● **Work request**
The expected answer is a verbatim transcription of the lines below, beginning with the first and ending with the line that holds "The Body Shop", without pictures.

Web page caption snippets
= = = = =

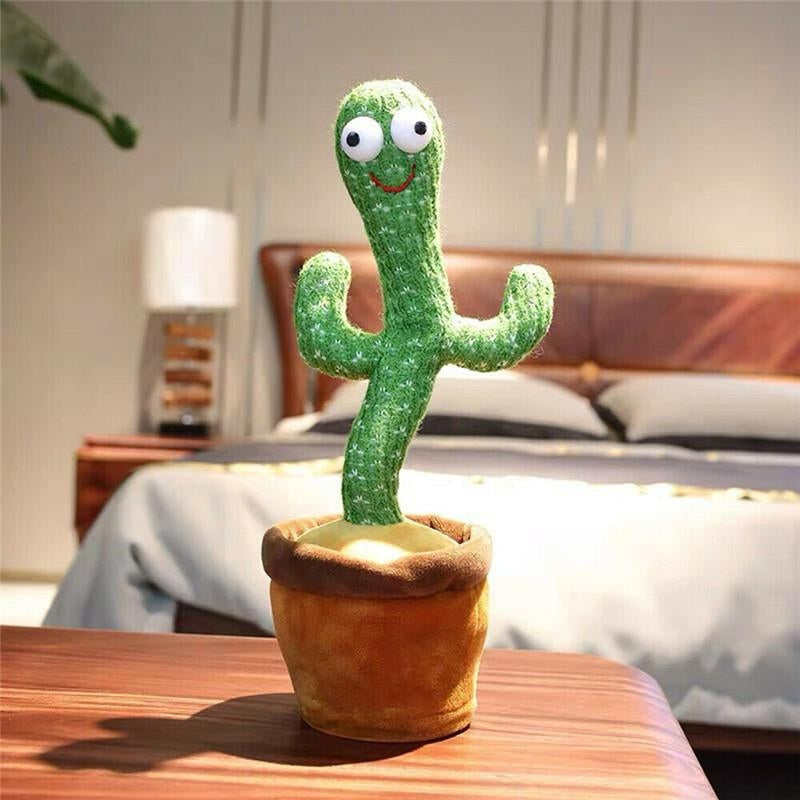 CactusBot - Praatcactus Speelgoed met Oplaadbaar Ontwerp en Vooraf Opgenomen Berichten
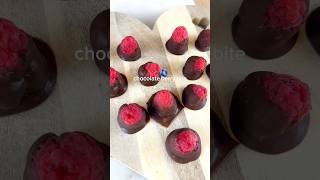 berry chocolate bites🫐🍫 shortsviral healthy snack dessert [upl. by Pelagias]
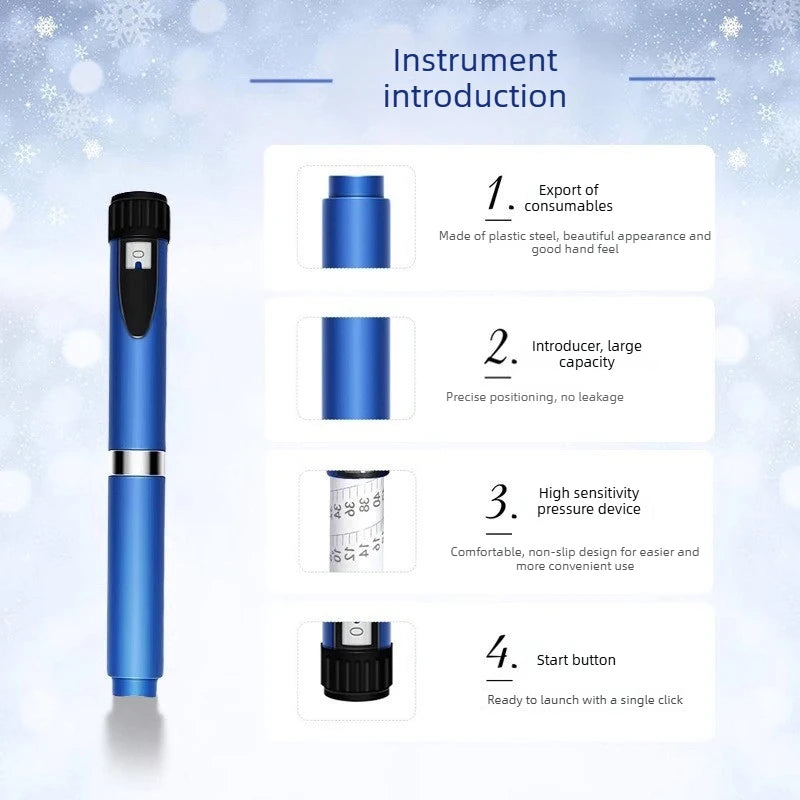 Reusable Magic Pen Peptide V1 V2 Injector Multicolor Beauty Dosing Pen Professional Wrinkle Removal Beauty Injection Tool
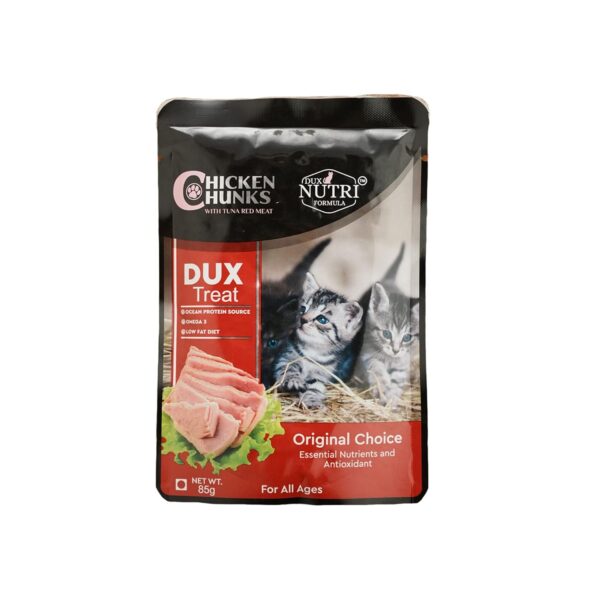 Barkbutler x DUX Chicken Gravy with Tuna Cat Food, 85 Grams (Pack of 24) | Omega 3 | Natural Ocean Protein Source | Essential Nutrients | Antioxidants | Low Fat Diet |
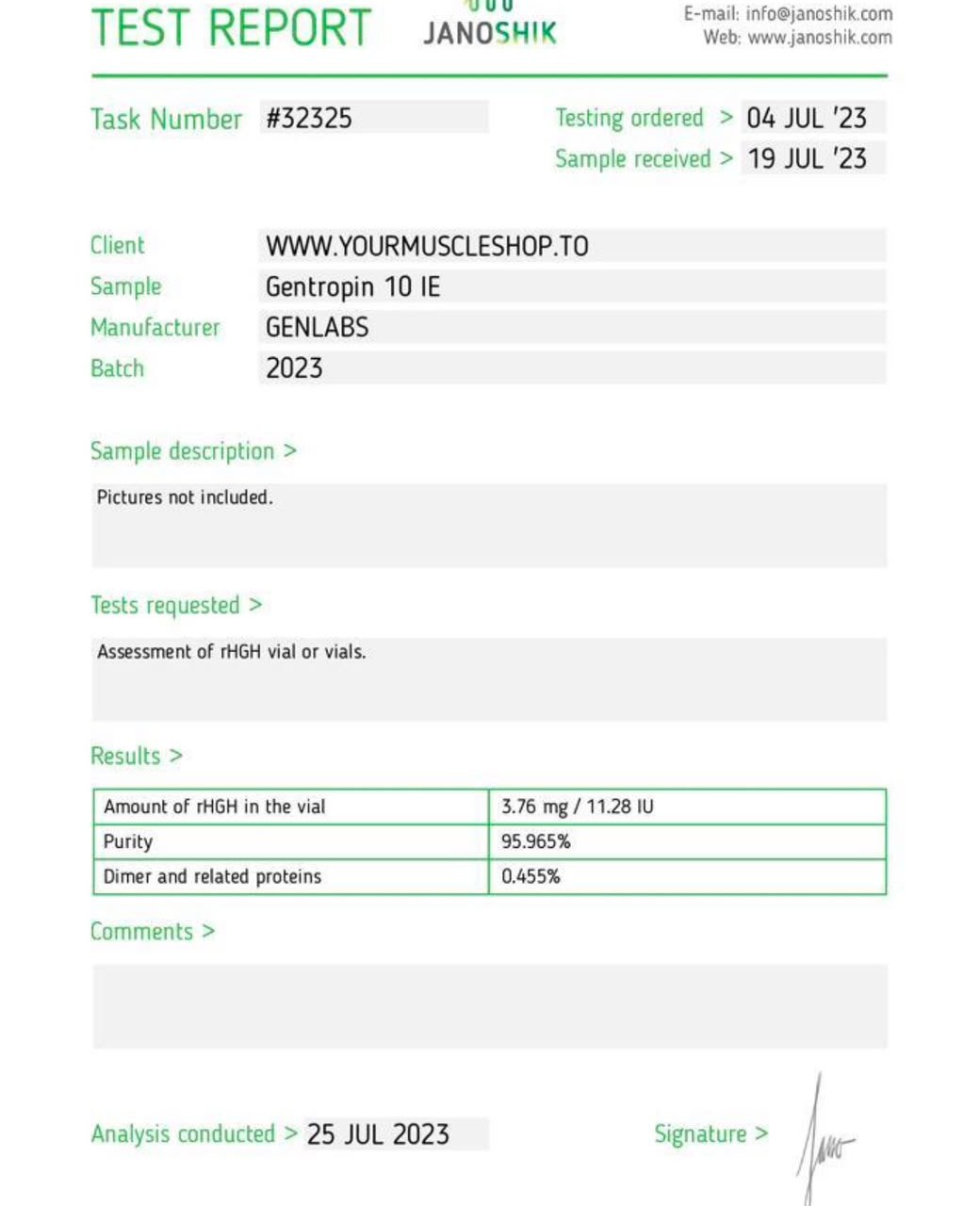 GENTROPIN (SOMATROPIN) 100IU HGH KIT WITH BACTERIOSTATIC WATER – GENLABS GENTROPIN (SOMATROPIN) 100IU HGH KIT WITH BACTERIOSTATIC WATER – GENLABS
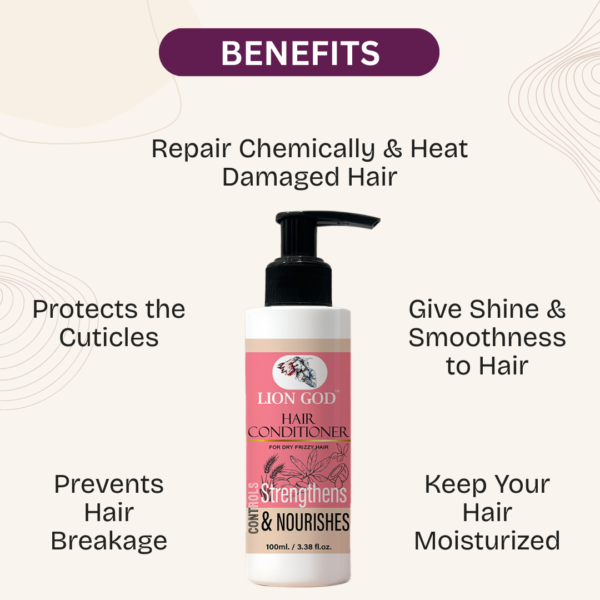 Hair Conditioner (Toxin-free, For all-hair-types, SLS and Paraben free, We ensures 100% safe ) - Image 2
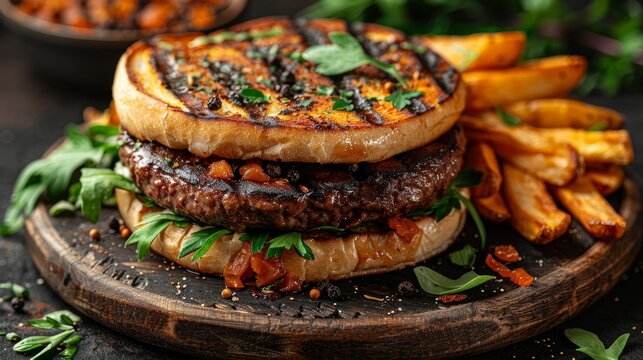 Junk food gene concept  unhealthy eating impact on genetics with dna strand symbolizing fto gene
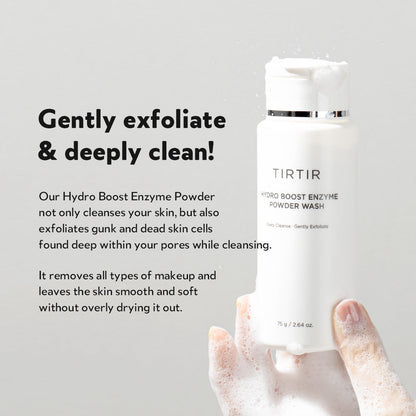 Tirtir Hydro Boost Enzyme Powder Wash 75g
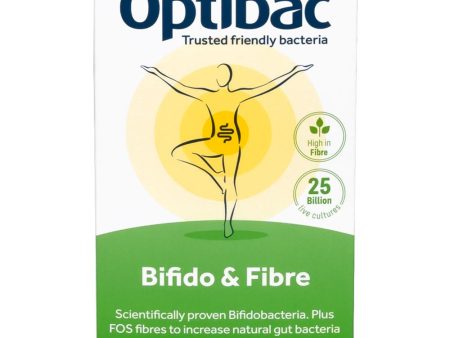 Optibac Probiotics Bifidobacteria & Fibre 10 Sachets Fashion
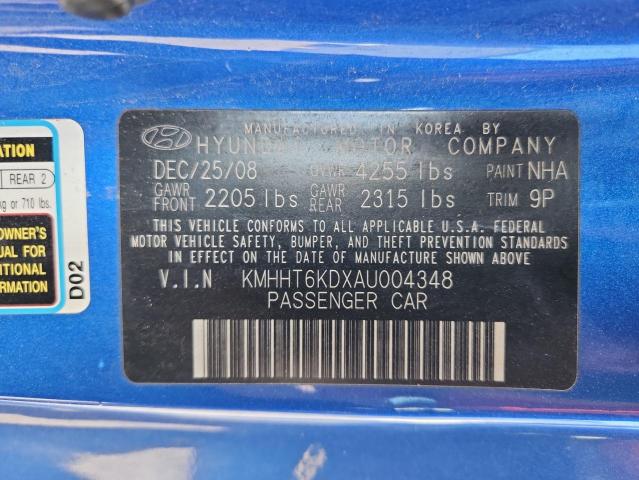 2010 HYUNDAI GENESIS CO - KMHHT6KDXAU004348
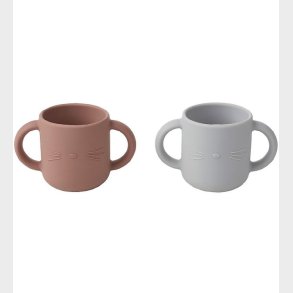 Liewood Kopper - 2-pak - Gene - Silikone - Dumbo Grey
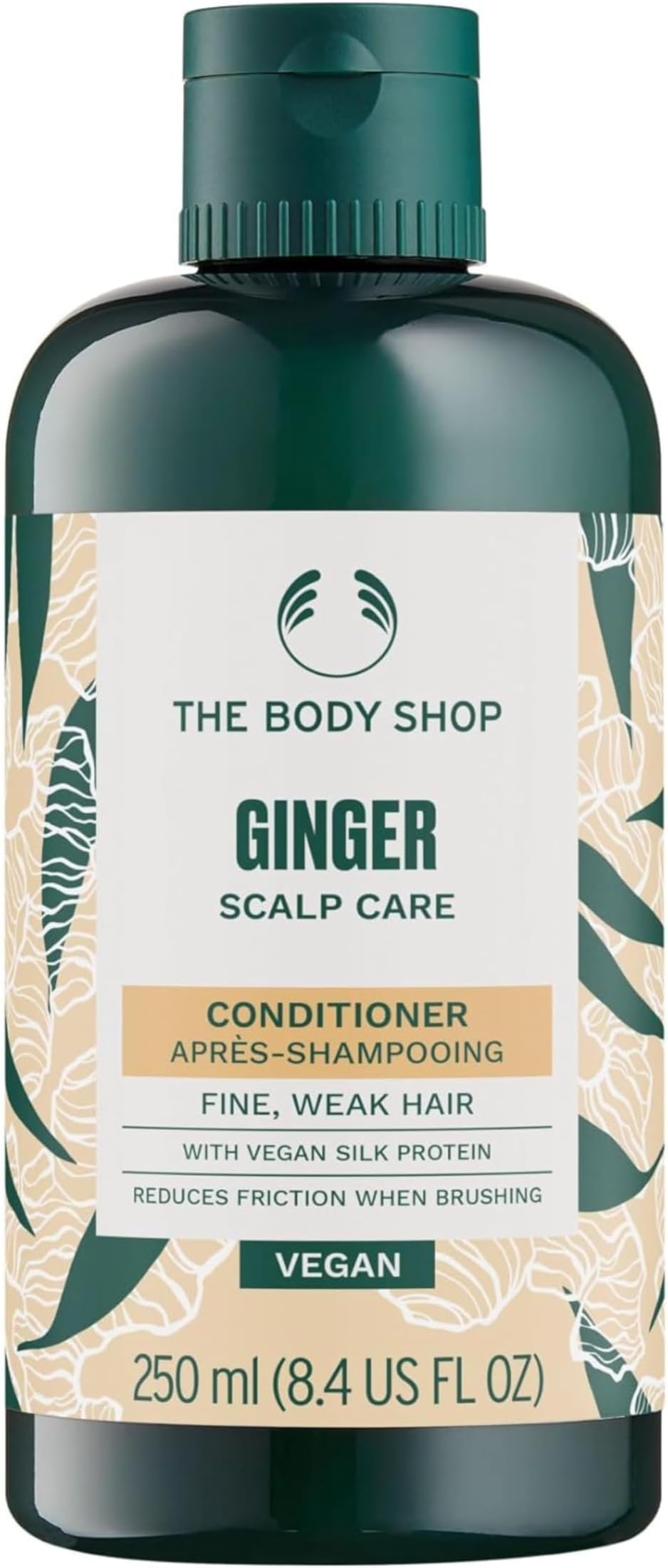 The Body Shop Vegan Ginger Conditioner for Dry Scalp and Weak Hair with Silk Protein 250 ml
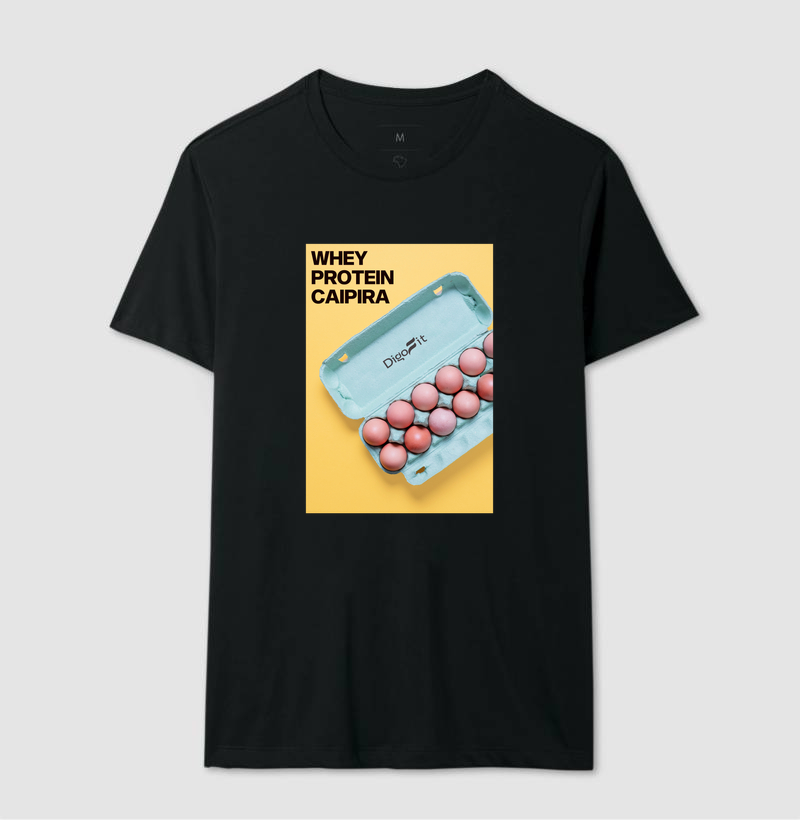 CAMISETA ACADEMIA WHEY PROTEIN CAIPIRA - Imagem 2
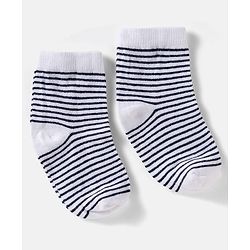 Cute Walk by Babyhug Ankle Length Anti-Bacterial Striped Socks with Star Design Pack of 5 - Multicolor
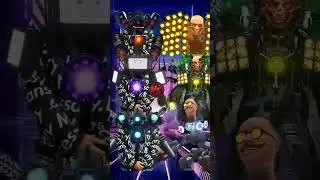 Drip Titan Trio 9999999% vs All Bosses and Titans Battle #skibiditoilet #viral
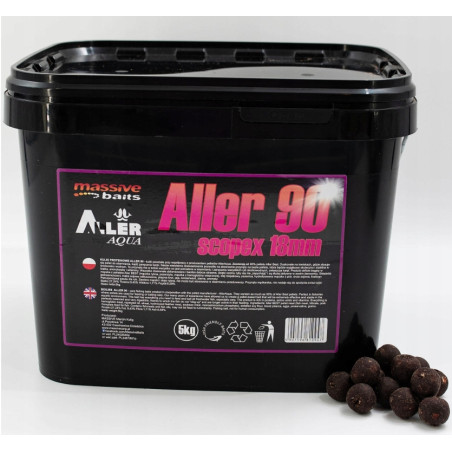 Kulki proteinowe Massive Baits Aller 90 Natural 5kg 18mm - Scopex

= = = = =

● **Task output**
 CactusBot - Praatcactus Speelgoed met Oplaadbaar Ontwerp en Vooraf Opgenomen Berichten
 berry chocolate bites🫐🍫 shortsviral healthy snack dessert [upl. by Pelagias]
 Reusable Magic Pen Peptide V1 V2 Injector Multicolor Beauty Dosing Pen Professional Wrinkle Removal Beauty Injection Tool
 Barkbutler x DUX Chicken Gravy with Tuna Cat Food, 85 Grams (Pack of 24) | Omega 3 | Natural Ocean Protein Source | Essential Nutrients | Antioxidants | Low Fat Diet |
 GENTROPIN (SOMATROPIN) 100IU HGH KIT WITH BACTERIOSTATIC WATER – GENLABS GENTROPIN (SOMATROPIN) 100IU HGH KIT WITH BACTERIOSTATIC WATER – GENLABS
 Hair Conditioner (Toxin-free, For all-hair-types, SLS and Paraben free, We ensures 100% safe ) - Image 2
 Junk food gene concept  unhealthy eating impact on genetics with dna strand symbolizing fto gene
 Tirtir Hydro Boost Enzyme Powder Wash 75g
 Optibac Probiotics Bifidobacteria & Fibre 10 Sachets Fashion
 2010 HYUNDAI GENESIS CO - KMHHT6KDXAU004348
 Liewood Kopper - 2-pak - Gene - Silikone - Dumbo Grey
 The Body Shop Vegan Ginger Conditioner for Dry Scalp and Weak Hair with Silk Protein 250 ml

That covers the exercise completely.